Mukherjee and Rhodes applicant Emily Hodgson '98 said they readied materials for their scholarship applications during summer off-terms and knew what they were ready for the process to begin in fall.

Hodgson said Career Services helped them a great deal in the process. "Career Services made sure all the materials were organized and ready," she said. "They provided me with a checklist of what to do."

Although Hodgson is an alumna, Career Services continued to help her. "Throughout everything they've been extremely helpful and willing to answer questions," she said.

Common graduate school deadlines fall between Jan. 1 and Feb. 1. Deadlines for national scholarships are in November, with students being notified in February. The Reynolds are announced in January.

Challenging but rewarding

Findlan, who is applying for the Rhodes, Marshall and Fulbright scholarships, said deciding to apply was the best decision he ever made.

"It forced me right at the beginning of senior fall to focus on what my goals are," he said.

Findlan hopes to study music or history somewhere in the United Kingdom.

Getting to meet new professors through the application process allowed him to get impartial views about how he measures up as a student, he said.

In addition, through preparing his scholarship essays, he now knows what he will write for his graduate school applications.

Mukherjee, a double major in biogenetics and religion, hopes studying the philosophy of science in England will provide an interesting sequel to her Dartmouth studies.

"Right now it's just a challenge to be able to juggle everything," Mukherjee said of the application process.

This fall, Hodgson submitted her second Rhodes scholarship application. Last year, she was shortlisted for the honor. She turned down the Reynolds grant.

Hodgson is currently teaching English at Choate-Rosemary Hall boarding school, and said she is very different than who she was when she applied a year ago.
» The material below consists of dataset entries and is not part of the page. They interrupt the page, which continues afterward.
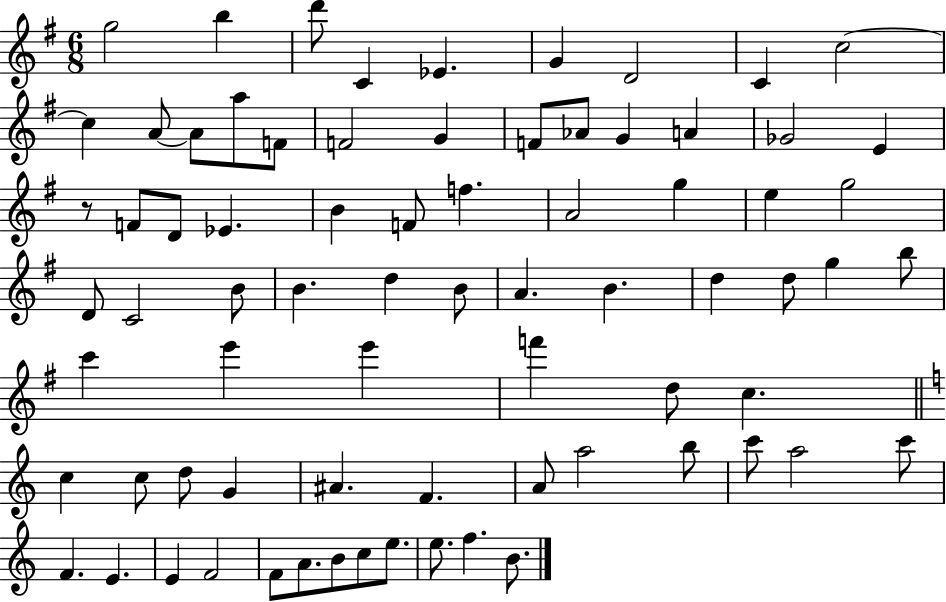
X:1
T:Untitled
M:6/8
L:1/4
K:G
g2 b d'/2 C _E G D2 C c2 c A/2 A/2 a/2 F/2 F2 G F/2 _A/2 G A _G2 E z/2 F/2 D/2 _E B F/2 f A2 g e g2 D/2 C2 B/2 B d B/2 A B d d/2 g b/2 c' e' e' f' d/2 c c c/2 d/2 G ^A F A/2 a2 b/2 c'/2 a2 c'/2 F E E F2 F/2 A/2 B/2 c/2 e/2 e/2 f B/2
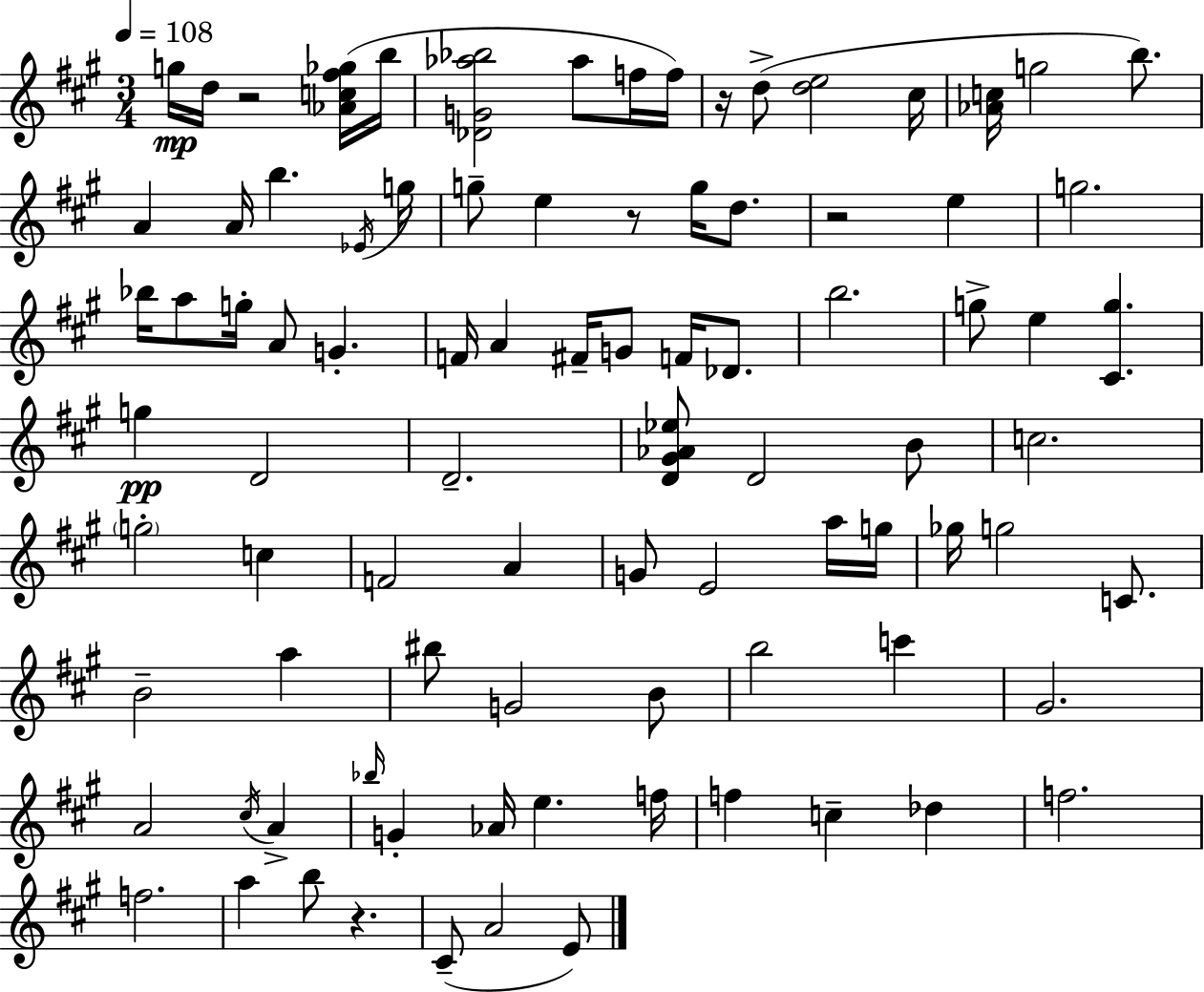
{
  \clef treble
  \numericTimeSignature
  \time 3/4
  \key a \major
  \tempo 4 = 108
  g''16\mp d''16 r2 <aes' c'' fis'' ges''>16( b''16 | <des' g' aes'' bes''>2 aes''8 f''16 f''16) | r16 d''8->( <d'' e''>2 cis''16 | <aes' c''>16 g''2 b''8.) | \break a'4 a'16 b''4. \acciaccatura { ees'16 } | g''16 g''8-- e''4 r8 g''16 d''8. | r2 e''4 | g''2. | \break bes''16 a''8 g''16-. a'8 g'4.-. | f'16 a'4 fis'16-- g'8 f'16 des'8. | b''2. | g''8-> e''4 <cis' g''>4. | \break g''4\pp d'2 | d'2.-- | <d' gis' aes' ees''>8 d'2 b'8 | c''2. | \break \parenthesize g''2-. c''4 | f'2 a'4 | g'8 e'2 a''16 | g''16 ges''16 g''2 c'8. | \break b'2-- a''4 | bis''8 g'2 b'8 | b''2 c'''4 | gis'2. | \break a'2 \acciaccatura { cis''16 } a'4-> | \grace { bes''16 } g'4-. aes'16 e''4. | f''16 f''4 c''4-- des''4 | f''2. | \break f''2. | a''4 b''8 r4. | cis'8--( a'2 | e'8) \bar "|."
}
"This year I realized a lot more where the focus of my education and career will lie," she said. A Dartmouth English major, Hodgson hopes to obtain a master's at Oxford and eventually teach at the college level.

Although the process is not as overwhelming this year, Hodgson said she still thinks about it a great deal. "I remember thinking, 'oh, if I reapply I won't be nervous at all,' but regardless of how you go into it, it does matter, and it's always in the back of my mind," she said.

Findlan said he can't allow himself to take the scholarship application process too seriously. "I haven't really been too nervous," he said. "When you apply, you can't always expect to get it. For me, it's more about the process of preparing and getting together all the application materials."